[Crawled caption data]
________________________________________
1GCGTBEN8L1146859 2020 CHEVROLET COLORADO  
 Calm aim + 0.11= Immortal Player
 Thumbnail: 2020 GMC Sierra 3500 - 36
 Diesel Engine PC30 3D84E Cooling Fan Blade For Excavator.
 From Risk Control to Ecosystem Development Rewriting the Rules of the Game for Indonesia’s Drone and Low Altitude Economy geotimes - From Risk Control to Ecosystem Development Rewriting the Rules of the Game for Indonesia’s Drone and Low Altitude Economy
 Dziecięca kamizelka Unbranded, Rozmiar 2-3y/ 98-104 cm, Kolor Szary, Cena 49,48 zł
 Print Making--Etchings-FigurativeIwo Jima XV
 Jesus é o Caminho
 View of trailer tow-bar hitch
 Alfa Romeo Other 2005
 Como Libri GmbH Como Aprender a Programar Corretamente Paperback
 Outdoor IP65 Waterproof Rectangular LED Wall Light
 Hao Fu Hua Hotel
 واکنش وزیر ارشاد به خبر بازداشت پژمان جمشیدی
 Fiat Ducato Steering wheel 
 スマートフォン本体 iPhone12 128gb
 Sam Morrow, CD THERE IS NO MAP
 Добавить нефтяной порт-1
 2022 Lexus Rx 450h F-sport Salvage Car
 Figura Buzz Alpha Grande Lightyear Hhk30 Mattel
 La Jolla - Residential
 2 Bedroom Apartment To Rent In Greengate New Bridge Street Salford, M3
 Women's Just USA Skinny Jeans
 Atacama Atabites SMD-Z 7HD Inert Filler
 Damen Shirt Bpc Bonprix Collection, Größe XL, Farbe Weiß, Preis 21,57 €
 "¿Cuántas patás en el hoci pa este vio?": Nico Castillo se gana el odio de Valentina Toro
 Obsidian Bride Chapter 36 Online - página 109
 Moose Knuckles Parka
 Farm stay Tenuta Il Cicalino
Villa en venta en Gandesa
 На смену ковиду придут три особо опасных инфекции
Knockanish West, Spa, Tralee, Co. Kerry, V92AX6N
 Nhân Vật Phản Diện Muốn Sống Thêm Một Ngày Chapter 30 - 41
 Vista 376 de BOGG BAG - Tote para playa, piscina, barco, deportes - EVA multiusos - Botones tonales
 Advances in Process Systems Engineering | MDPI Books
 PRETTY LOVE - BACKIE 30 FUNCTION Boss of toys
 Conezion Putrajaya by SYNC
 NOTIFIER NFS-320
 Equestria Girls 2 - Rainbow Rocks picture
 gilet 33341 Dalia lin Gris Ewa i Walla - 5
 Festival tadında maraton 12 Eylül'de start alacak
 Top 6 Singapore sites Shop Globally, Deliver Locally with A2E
________________________________________
Problem description
Which lines of the data hold the string "Chapter"? Return each of them.

Task result
 Obsidian Bride Chapter 36 Online - página 109
 Nhân Vật Phản Diện Muốn Sống Thêm Một Ngày Chapter 30 - 41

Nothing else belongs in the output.